Instacart’s largest revenue segment is its marketplace and delivery business connecting buyers and sellers and facilitating delivery of purchased items. Instacart gets a percentage of every transaction as revenue; i.e., a take rate. Let’s hypothetically say that Instacart’s take rate is 5%. For every $10 purchase on its marketplace, Instacart generates $0.50 in revenue. The take rate can be charged to the buyer, seller, or both.

The take-rate revenue model allows companies to increase their revenue as the value they provide increases. This is good, but this revenue has an overlooked downside. As a former customer of various marketplaces and software companies that used take-rate revenue models, I’ve experienced it firsthand, and I’ve watched other entrepreneurs have a similar experience.

As a customer’s merchandise volume on the marketplace or software platform grows, the take-rate dollars become larger, even if the percentage is flat. The larger the take-rate fees become, the more visible they are to the customer’s internal decision-makers. Five percent of $1,000 is $50 and may be an overlooked expense. But 5% of $1,000,000 is $50,000, which is less likely to be overlooked.

Imagine that a customer reviews its P&L, and someone asks, why are we paying XYZ Company so much money every month? That amount could materially boost our margins or support growth plans. They do some forecasting and start thinking about ways to replace the marketplace or software provider (if possible) or reduce its fees. The customer’s perspective changes. It no longer views XYZ Company as a partner that provides more value than it charges for. Instead, it sees XYZ as a company whose cost exceeds its value. The customer wants the cost it incurs to better align with or be less than the value it feels it’s receiving.

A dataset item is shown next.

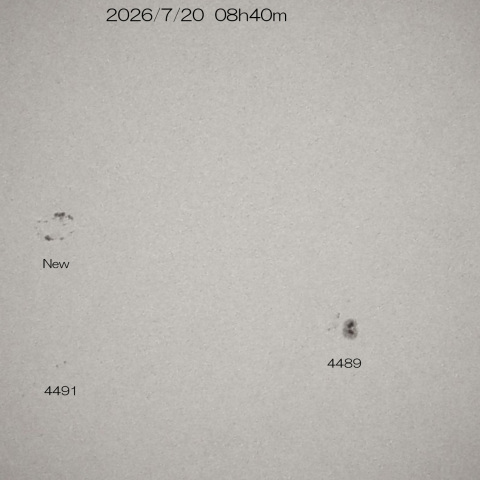 2026/7/20 太陽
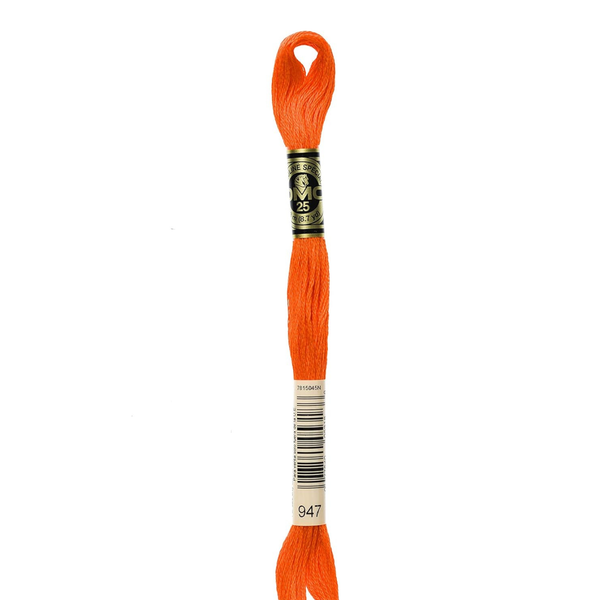 947 Sunset  - DMC Six Strand Embroidery Floss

When the customer’s perspective changes, the relationship and interactions change. When the dollars at stake are high, the relationship can become adversarial. If your biggest customers are constantly fighting you, it takes a toll on your team and in extreme cases can affect the culture of your company. 

The various lawsuits over the years against Visa and Mastercard by retailers, Block, and other partners over take-rate fees are great examples of what I’m describing.

Take-rate revenue models work, but this dynamic is something founders considering them should be aware of. The good news is that take-rate revenue models can be crafted in various ways that prevent some of this tension with your largest customers.